WHAT IS REQUIRED: How many lines in the data below contain the word "Dish"? State only the number.

DATASET EXCERPTS:
+ + + + +

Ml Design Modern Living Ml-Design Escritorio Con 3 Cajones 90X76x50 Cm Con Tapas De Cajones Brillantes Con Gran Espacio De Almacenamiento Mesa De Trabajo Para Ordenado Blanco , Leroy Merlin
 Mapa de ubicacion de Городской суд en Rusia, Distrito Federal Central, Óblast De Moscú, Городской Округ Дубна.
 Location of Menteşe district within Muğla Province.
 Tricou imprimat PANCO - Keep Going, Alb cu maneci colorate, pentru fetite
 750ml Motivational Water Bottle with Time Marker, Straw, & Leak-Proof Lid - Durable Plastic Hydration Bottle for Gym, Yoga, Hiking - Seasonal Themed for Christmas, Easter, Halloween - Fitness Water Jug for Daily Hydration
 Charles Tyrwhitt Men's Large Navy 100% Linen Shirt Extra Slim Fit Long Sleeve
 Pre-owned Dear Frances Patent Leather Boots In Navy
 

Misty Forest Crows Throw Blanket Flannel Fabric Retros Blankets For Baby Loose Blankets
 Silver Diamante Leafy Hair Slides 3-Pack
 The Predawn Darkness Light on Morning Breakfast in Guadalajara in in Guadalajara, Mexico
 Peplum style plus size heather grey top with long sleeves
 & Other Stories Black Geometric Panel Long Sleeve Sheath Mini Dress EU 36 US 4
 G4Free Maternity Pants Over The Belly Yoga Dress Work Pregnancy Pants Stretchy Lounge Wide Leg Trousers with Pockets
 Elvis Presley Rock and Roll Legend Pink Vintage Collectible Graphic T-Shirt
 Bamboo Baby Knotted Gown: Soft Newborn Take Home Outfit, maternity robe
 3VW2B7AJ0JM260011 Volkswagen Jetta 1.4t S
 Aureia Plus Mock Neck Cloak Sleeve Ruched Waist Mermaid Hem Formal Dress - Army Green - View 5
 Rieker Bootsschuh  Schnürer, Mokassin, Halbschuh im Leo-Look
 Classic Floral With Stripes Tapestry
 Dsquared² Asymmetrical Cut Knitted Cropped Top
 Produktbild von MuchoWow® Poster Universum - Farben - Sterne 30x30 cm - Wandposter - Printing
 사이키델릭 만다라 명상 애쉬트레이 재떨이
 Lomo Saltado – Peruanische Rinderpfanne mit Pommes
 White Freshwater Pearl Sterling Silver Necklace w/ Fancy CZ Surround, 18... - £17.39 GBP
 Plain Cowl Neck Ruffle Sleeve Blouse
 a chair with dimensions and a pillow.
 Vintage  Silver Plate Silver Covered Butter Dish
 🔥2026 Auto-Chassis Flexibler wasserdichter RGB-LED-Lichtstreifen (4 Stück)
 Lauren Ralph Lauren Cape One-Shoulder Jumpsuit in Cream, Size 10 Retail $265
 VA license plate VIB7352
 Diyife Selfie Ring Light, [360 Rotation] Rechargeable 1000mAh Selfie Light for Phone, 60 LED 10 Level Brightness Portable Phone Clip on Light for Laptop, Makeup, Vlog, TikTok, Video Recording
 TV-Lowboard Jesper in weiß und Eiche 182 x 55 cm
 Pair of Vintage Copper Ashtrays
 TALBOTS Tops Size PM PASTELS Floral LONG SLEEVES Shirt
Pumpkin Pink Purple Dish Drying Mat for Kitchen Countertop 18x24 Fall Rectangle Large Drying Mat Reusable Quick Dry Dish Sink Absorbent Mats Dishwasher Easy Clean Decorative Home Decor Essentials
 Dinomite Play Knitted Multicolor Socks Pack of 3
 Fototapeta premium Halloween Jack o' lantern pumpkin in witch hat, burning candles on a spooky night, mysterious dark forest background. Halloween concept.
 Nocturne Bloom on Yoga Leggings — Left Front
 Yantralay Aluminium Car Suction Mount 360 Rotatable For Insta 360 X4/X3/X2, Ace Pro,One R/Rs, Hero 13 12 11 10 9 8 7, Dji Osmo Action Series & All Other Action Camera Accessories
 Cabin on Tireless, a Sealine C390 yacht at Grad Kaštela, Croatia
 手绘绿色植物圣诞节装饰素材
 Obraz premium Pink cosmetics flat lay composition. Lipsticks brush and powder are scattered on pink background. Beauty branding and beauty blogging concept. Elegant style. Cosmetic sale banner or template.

+ + + + +

ANSWER SPACE: 2